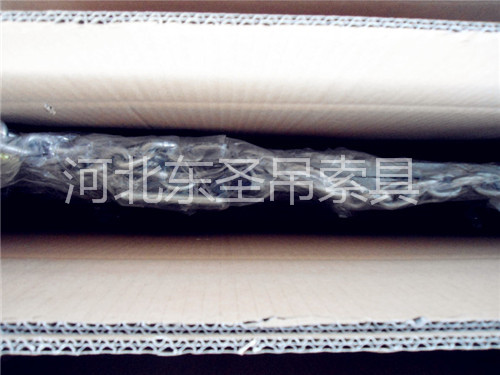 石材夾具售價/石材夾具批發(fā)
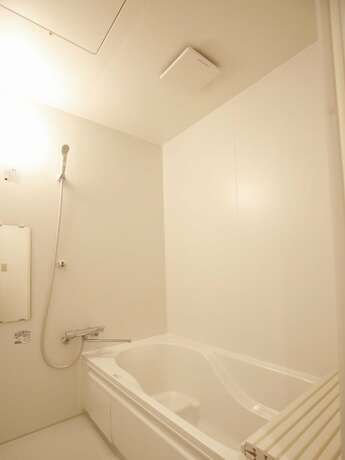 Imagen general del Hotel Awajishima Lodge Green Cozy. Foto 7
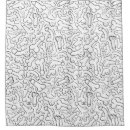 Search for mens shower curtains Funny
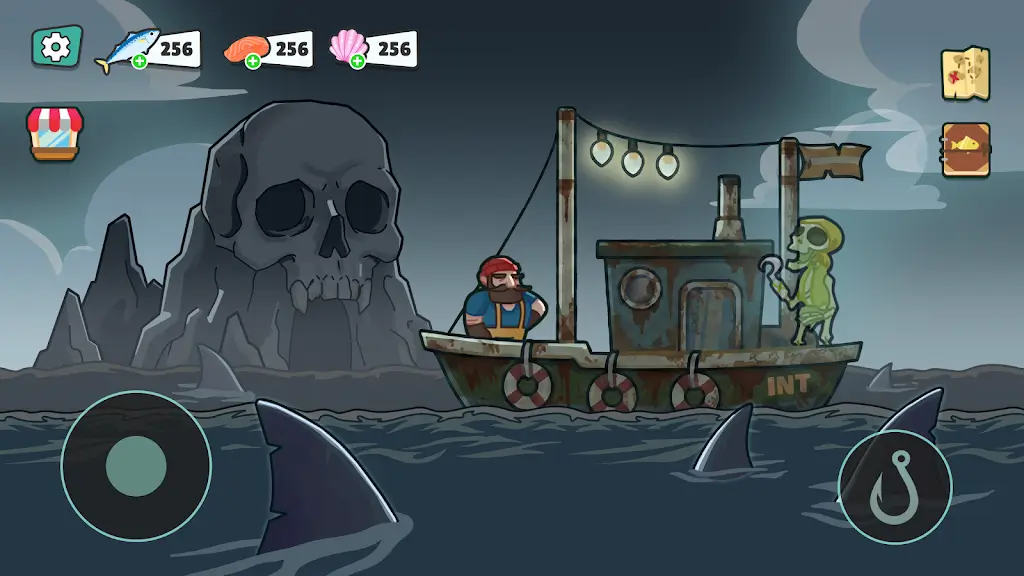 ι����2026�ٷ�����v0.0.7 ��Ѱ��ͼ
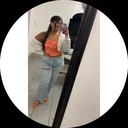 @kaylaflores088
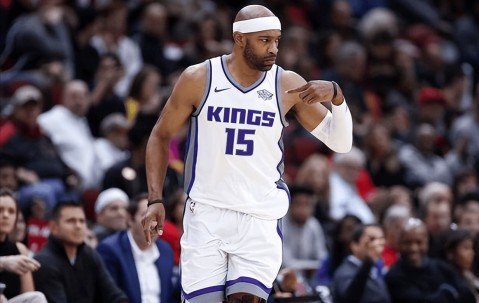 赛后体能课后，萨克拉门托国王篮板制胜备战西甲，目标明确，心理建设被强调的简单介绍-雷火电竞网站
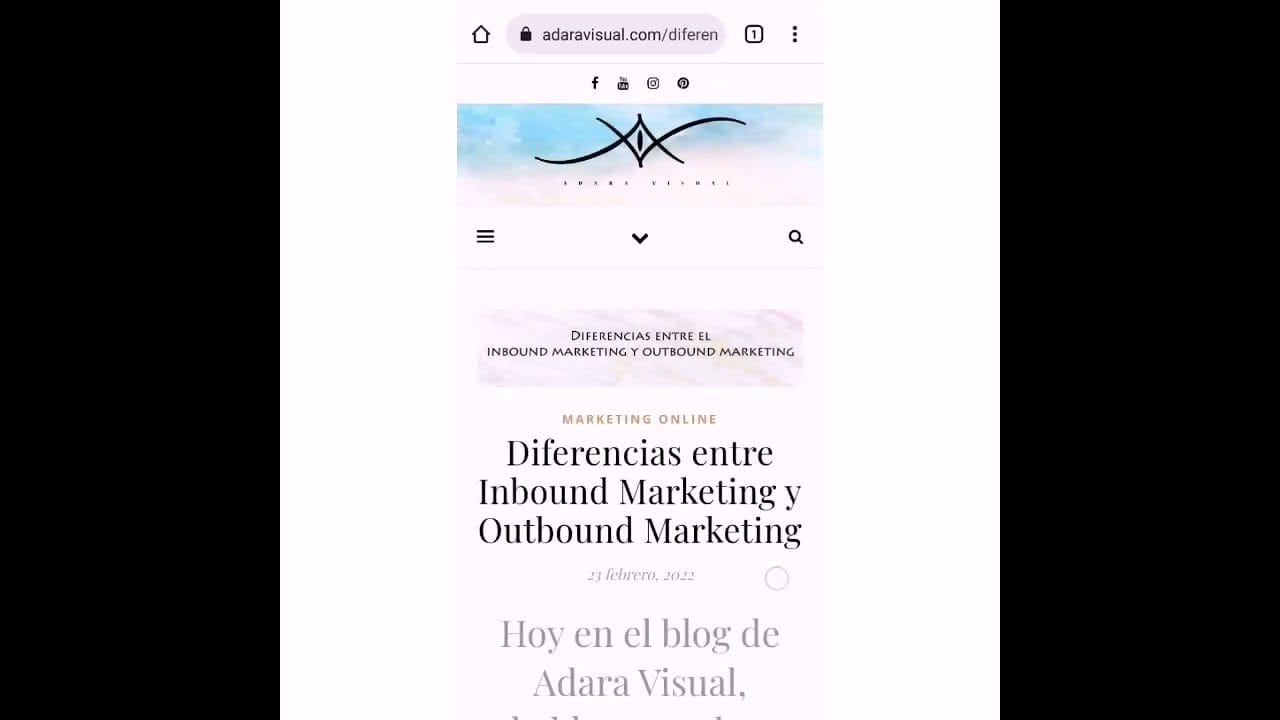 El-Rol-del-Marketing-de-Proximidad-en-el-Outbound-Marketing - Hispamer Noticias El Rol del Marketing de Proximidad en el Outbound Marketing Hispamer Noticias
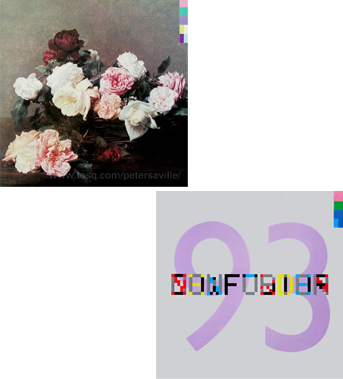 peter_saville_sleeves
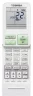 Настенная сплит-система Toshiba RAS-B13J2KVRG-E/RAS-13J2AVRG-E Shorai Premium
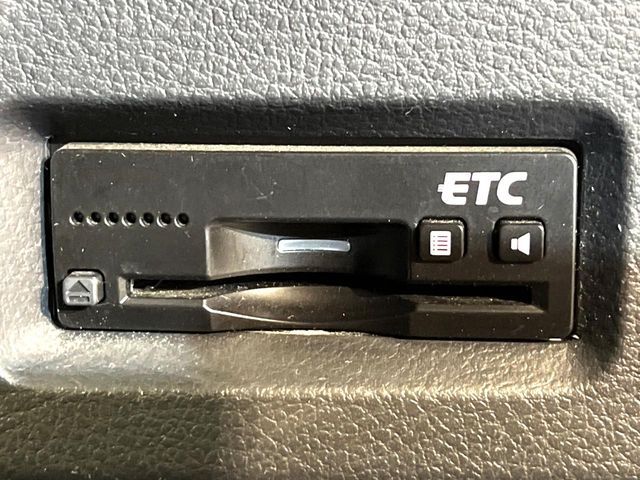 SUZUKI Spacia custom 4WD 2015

================================

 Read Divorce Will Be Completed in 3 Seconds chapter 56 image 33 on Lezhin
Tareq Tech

================================

== WORK REQUIRED ==
Everything from the line above that contains "赛后体能课后，萨克拉门托国王" down to the line that contains "SUZUKI Spacia custom 4WD 2015" must be reproduced exactly, both ends included. Omit the pictures.

== RESPONSE AREA ==
 赛后体能课后，萨克拉门托国王篮板制胜备战西甲，目标明确，心理建设被强调的简单介绍-雷火电竞网站
 El-Rol-del-Marketing-de-Proximidad-en-el-Outbound-Marketing - Hispamer Noticias El Rol del Marketing de Proximidad en el Outbound Marketing Hispamer Noticias
 peter_saville_sleeves
 Настенная сплит-система Toshiba RAS-B13J2KVRG-E/RAS-13J2AVRG-E Shorai Premium
 SUZUKI Spacia custom 4WD 2015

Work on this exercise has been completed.